As for the microphone on the headset, there were no issues in getting the mic to work. Recordings were crisp, clear and also cancelled unwanted noise, as specified in the features on the box. Skype calls were good, as the receiver could hear speech. At first, I didn’t like the mic being fixed on the headset, but the more that I use it, I realize it would be a lot better than having a separate microphone that hangs off another place, like the Tt eSPORTS Shock Spin.

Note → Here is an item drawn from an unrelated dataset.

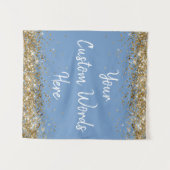 Dusty Blue Achtergrond Verjaardagsfeest Foto Booth Wandkleed (Voorkant (horizontaal))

To answer the question stated in the beginning of this review, I have to say no, the Ceres 400 is not meant for music -- it is meant for gaming, and gaming alone. Overall, for a budget-oriented gaming product, I can't really complain to any reasonable extent. Yes, these headsets are not amazing, and if you have money, I would suggest looking to other options such as the Cooler Master CM Storm Sirus. I must say though, for $50, you do get some bang for your buck if you are a gamer. The design on this headset, while not a trend-rocker, is quite nice. Build quality overall is quite good, but some corner cutting is seen with the lack of removable ear cups and a top cushion that doesn’t stick well. The in line volume control and on/off switch for the mic is also very convenient and helpful in everyday circumstances. The microphone is great, and picks up noise quite loudly. As for sound quality, if you haven’t read the last four paragraphs, I will talk about it all again: Everything is present, but it is not that great. It would be nice if greater care was taken to refining each of the ranges, thus creating a fuller, more rounded sound with better soundstaging. As Editor-in-chief Jonathan Kwan puts it best, “It’s like listening to a band in a closet, and to be honest, these headphones need to come out of the closet.” While this is acceptable for gaming headsets, I will say that the Ceres 400 does need some depth to the sound. It is not like it is all bad for the Ceres 400, as there are good points in the sound quality, such as the sound staging abilities, but refining the basic bass, midrange, and treble ranges and cleaning up the sound will greatly improve the overall experience.
Cooler Master provided this product to APH Networks for the purpose of evaluation.
APH Review Focus Summary:
7/10 means Great product with many advantages and certain insignificant drawbacks; but should be considered before purchasing.
6/10 means A product with its advantages, but drawbacks should not be ignored before purchasing.
-- Final APH Numeric Rating is 6.5/10
Please note that the APH Numeric Rating system is based off our proprietary guidelines in the Review Focus, and should not be compared to other sites.
If you are looking for a decent headset for any type of gaming, the Ceres 400 is a great value-oriented choice.